Walking forward into the mob you almost trip over a small rainbow colored dragon named Sunset, who looks at you, emits an annoyed squeek, and turns back to the conversation she was having with a rather large newt by the name of Newyn.
Further into the room you come upon the strange sight of a tall elven male with long white hair by the name of Rastlin being duct taped to the wall by a giggling fairy with chestnut colored curls (Pan's mother in law Candace) and by another fairy with flowing dark brown hair (Pan's companion Iris). Turning away from the disturbing sight you make your way to the dance floor.
Hours seem like days as you enjoy the ball. Pan plays one fast joyous song after another and you meet many more of his friends and companions. Then as the windows reveal the breaking dawn Pan's song switches to a soft slow melody, and although the thought of holding one of the nymphs closely upon the dance floor appeals greatly to you, you are suddenly overtaken by exhaustion. You barely make it to one of the benches before sleep overtakes you. You sleep long and dreamless and when you awake the temple is gone, you are once again in the abandoned shrine.

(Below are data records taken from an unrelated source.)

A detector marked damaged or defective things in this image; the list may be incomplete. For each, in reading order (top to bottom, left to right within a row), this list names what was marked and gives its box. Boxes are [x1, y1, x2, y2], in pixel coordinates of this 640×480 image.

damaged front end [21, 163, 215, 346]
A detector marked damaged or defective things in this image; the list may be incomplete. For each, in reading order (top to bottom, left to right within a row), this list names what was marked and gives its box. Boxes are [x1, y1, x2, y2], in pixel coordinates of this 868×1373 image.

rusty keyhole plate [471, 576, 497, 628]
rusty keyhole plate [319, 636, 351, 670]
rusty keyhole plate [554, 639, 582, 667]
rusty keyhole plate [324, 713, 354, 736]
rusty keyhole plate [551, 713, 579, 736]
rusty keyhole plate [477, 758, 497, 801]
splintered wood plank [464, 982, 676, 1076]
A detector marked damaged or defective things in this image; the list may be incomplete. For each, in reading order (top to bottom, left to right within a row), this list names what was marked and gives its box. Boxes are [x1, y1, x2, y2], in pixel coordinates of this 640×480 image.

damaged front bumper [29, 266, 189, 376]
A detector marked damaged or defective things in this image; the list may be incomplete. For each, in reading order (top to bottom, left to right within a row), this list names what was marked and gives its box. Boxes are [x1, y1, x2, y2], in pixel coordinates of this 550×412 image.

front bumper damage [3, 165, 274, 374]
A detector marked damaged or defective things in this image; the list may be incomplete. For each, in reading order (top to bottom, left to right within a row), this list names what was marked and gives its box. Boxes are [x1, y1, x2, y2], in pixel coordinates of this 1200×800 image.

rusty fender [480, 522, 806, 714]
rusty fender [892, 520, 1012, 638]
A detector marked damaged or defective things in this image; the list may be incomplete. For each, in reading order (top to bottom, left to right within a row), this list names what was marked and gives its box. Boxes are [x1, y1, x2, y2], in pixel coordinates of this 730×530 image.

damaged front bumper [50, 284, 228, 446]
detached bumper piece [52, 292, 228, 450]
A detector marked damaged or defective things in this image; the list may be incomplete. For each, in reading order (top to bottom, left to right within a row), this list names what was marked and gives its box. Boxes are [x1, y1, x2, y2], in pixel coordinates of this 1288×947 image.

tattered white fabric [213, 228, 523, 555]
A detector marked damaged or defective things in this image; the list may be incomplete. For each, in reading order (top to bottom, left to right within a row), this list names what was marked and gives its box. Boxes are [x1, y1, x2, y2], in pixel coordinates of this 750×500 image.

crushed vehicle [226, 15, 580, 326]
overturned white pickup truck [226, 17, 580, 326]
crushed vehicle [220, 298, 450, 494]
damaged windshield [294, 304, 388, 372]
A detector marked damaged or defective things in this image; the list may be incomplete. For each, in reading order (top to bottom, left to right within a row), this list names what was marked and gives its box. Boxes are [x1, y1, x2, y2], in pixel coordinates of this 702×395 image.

In the distance you can here voices calling your name, probably a search party come to rescue you from the wilderness. You cant help but wonder if the nights adventure was all but a fantasy produced from your shock and delerium, but then you notice that upon your head is a crown of grapevine and around your waste a belt of ivy. Gifts from the fae to you there mortal playmate. Then as you rise you find the final evidence that your revelry last night was real, when your head is filled with the monstrous pain of the hangover you well deserve.
Pan says, "I had a character here for a while and built it up a bit but I wanted someone who was a bit more fun then a shadow thief that I could role play in a clan that shared my fun lovingness so basically this character was made for and only for clan Daoine Sidhe."
His favorite quote is by Lewis Carrol in Alice in Wonderland.
"But I don't want to go among mad people," Alice remarked.
"Oh, you can't help that," said the Cat: "we're all mad here.
I'm mad. You're mad."
"How do you know I'm mad?" said Alice.
"You must be," said the Cat, "or you wouldn't have come here."